• Work to be completed: When the line containing "케이디 필라테스 요가 발가락 양말 토삭스 무지 5종 5켤레" appears in the entries below, begin printing there and stop after the line containing "Round Halo Diamond"; print each of those lines exactly and no other line.

• Provided records:
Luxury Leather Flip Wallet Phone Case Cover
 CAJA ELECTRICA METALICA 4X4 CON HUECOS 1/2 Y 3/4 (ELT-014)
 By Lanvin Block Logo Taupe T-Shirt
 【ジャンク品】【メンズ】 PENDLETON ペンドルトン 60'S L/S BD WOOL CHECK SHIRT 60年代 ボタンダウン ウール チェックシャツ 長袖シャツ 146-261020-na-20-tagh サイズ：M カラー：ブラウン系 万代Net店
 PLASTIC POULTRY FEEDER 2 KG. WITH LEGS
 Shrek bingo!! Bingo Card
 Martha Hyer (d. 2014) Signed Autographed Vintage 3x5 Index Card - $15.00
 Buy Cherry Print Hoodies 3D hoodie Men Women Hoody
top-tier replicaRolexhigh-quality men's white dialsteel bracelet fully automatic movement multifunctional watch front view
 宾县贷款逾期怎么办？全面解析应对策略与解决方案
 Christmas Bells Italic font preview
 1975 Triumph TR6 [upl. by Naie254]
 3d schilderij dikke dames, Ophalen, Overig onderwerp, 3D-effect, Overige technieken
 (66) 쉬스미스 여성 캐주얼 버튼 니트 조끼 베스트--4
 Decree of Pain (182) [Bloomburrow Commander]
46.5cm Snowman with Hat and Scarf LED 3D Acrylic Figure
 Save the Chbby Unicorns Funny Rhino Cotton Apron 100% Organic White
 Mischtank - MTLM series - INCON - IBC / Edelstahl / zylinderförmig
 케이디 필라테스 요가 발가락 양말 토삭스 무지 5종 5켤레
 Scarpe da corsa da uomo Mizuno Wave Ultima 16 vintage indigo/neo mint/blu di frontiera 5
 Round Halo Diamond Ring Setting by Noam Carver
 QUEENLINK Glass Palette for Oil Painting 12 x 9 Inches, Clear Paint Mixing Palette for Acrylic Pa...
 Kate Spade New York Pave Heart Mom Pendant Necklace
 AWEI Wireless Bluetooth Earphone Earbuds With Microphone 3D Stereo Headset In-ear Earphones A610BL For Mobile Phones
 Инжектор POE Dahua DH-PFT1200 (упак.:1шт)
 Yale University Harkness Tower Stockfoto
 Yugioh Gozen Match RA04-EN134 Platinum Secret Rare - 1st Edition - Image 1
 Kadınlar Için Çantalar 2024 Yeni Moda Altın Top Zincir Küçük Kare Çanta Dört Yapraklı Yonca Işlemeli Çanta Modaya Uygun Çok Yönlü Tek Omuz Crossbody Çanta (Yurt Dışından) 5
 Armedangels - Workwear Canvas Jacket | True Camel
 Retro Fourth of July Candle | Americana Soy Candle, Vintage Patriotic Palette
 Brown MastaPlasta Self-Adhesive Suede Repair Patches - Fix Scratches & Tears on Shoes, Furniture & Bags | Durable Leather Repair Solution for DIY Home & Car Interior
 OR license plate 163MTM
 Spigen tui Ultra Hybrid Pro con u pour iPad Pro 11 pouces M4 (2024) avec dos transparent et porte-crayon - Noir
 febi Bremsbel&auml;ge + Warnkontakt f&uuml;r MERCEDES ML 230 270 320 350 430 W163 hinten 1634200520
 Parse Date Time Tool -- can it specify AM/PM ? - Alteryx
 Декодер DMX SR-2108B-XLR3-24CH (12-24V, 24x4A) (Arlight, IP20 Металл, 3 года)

• Answer below:
 케이디 필라테스 요가 발가락 양말 토삭스 무지 5종 5켤레
 Scarpe da corsa da uomo Mizuno Wave Ultima 16 vintage indigo/neo mint/blu di frontiera 5
 Round Halo Diamond Ring Setting by Noam Carver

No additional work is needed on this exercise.